PROGRAM ACCELERATORS WITH MULTIDIMENSIONAL NESTED COMMAND STRUCTURES
Embodiments of the present disclosure include techniques for machine language processing. In one embodiment, the present disclosure include commands with data structures comprising fields describing multi-dimensional data and fields describing synchronization. Large volumes of data may be processed and automatically synchronized by execution of a single command.
The present disclosure relates generally to machine language processing, and in particular, to program accelerators with multidimensional nested command structures.
Contemporary machine learning uses special purpose processors optimized to perform machine learning computations. Such processors are commonly referred to as machine learning accelerators. These devices typically receive control information and data.
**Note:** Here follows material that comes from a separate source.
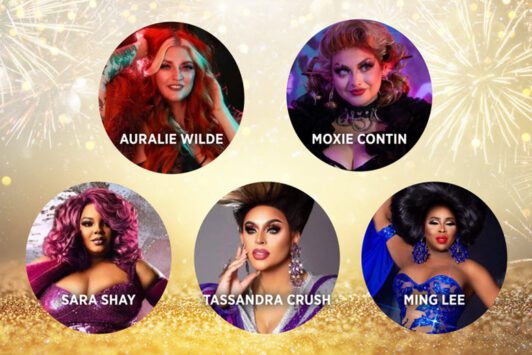 Sip N' Serve Drag Brunch New Year, New Tea at City Winery.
The control information configures the processor to process the data and generate results. One of the most common machine learning systems are systems optimized to process neural networks.
The throughput of machine learning accelerators has been increasing at a staggering pace. Modern accelerators, such as the H100 GPU from Nvidia®, offers up to 4000 tera FLOPS of tensor core throughput, and 3 TB/s of main memory bandwidth. With these drastic increases in data path throughput, it also becomes increasingly expensive to supply commands to the processors to avoid control bottlenecks.
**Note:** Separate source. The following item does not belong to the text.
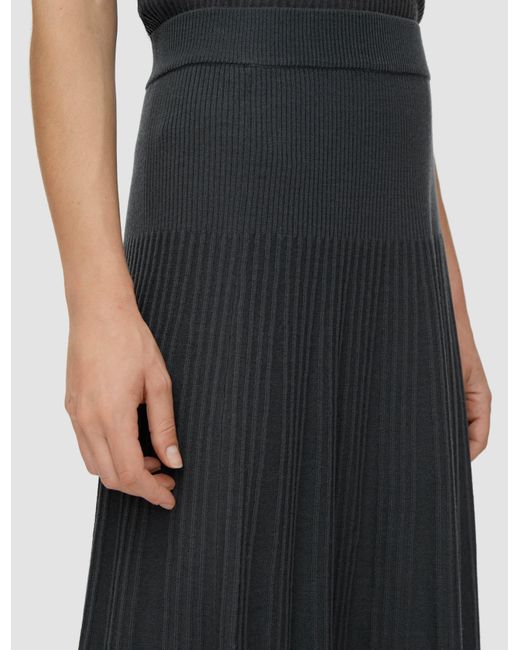 Joseph Gray Merino Rib Skirt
Notably, much of the increase originates from factors such as shrinking the transistor size and data type innovations, while less may come from higher frequencies. For example, over the last three generations of GPUs, transistor counts have increased by about 4×, dense throughput has increased by about 8×, and memory bandwidth has increased by about 3×, with far less frequency improvements. Also, the introduction of sparse data types provides approximately another 2× improvement to effective peak computation throughput.
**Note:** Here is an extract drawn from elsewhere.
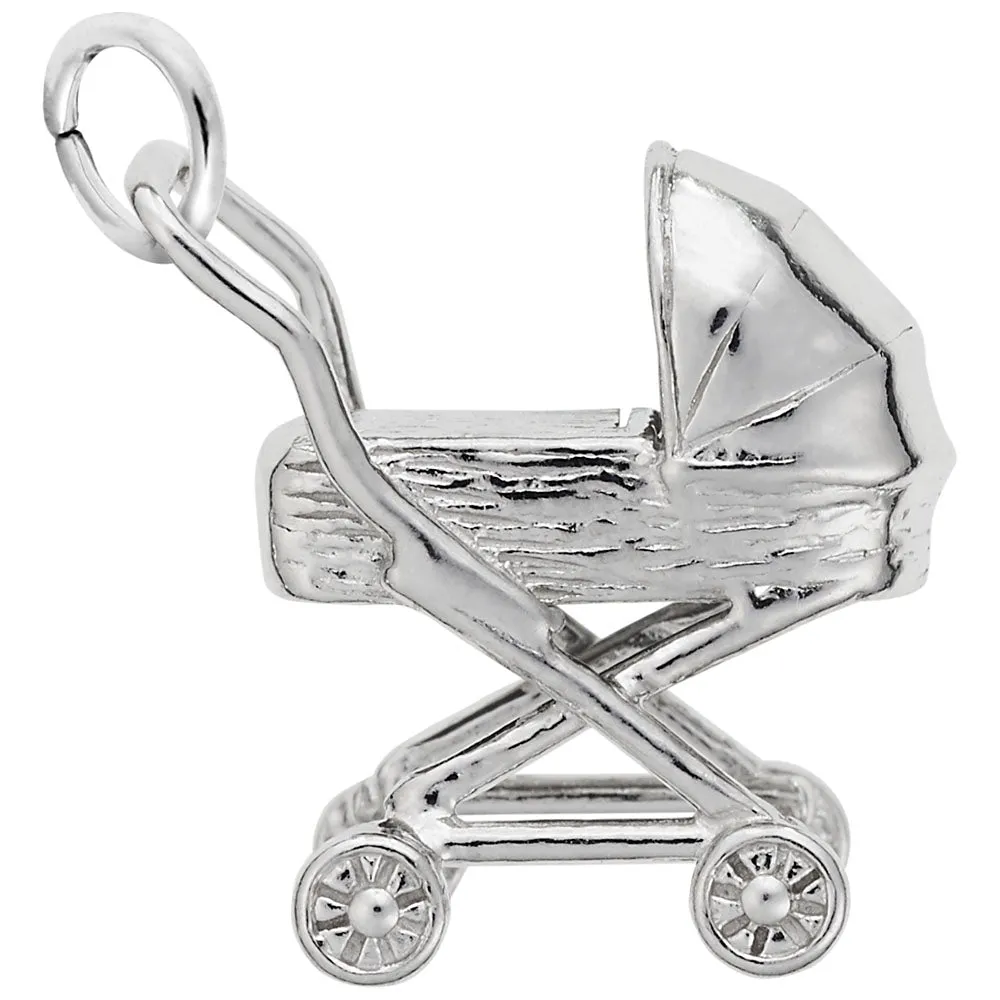 Rembrandt Charms - Traditional Baby Carriage Charm - 3209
As a result of this trend, it becomes increasingly expensive to satisfy command bandwidth requirements to avoid control throughput bottlenecks. Specifically, instruction bandwidths typically have to increase with computation throughput, consuming very limited memory bandwidth which increases much slowly in comparison. Also, production model size does not always increase as quickly as computation peak throughput. To fully leverage the throughput, high instruction bandwidths and low control latency can be beneficial.
Described herein are techniques for multidimensional nested command structures. In the following description, for purposes of explanation, numerous examples and specific details are set forth in order to provide a thorough understanding of some embodiments. Various embodiments as defined by the claims may include some or all of the features in these examples alone or in combination with other features described below and may further include modifications and equivalents of the features and concepts described herein.
Features and advantages of the present disclosure include programming machine learning processors (aka, accelerators) with a new type of command structure that describes operations on multi-dimensional data. In various embodiments, the new structure may support higher instruction encoding density and help avoid control bottlenecks on modern machine learning accelerators. Certain embodiments may also enable data and control synchronization at fine granularity, which may create opportunities for fusion of kernel processes, for example.
In some example embodiments described herein, commands encode layout information of high dimensional data (e.g., high-dimensional matrices) using information like base address, size of each dimension, stride size for each dimension, data type, etc. Accordingly, each command may address significantly more data than traditional encoding mechanisms, thus significantly increasing instruction encoding density, especially when repeating the same operation for a large amount of data.
In certain example embodiments, the granularity at which synchronization is performed can be encoded in the commands. Since each command may address a large amount of data and take considerable amount of time to complete, waiting for a command to finish before any dependent command can start may lead to low utilization of on-chip resources and high buffering capacity requirements. Techniques described herein may allow multiple hardware commands to synchronize on a large chunk of data (e.g., in main memory) without having to implement expensive dependency tracking for a large number of addresses, for example.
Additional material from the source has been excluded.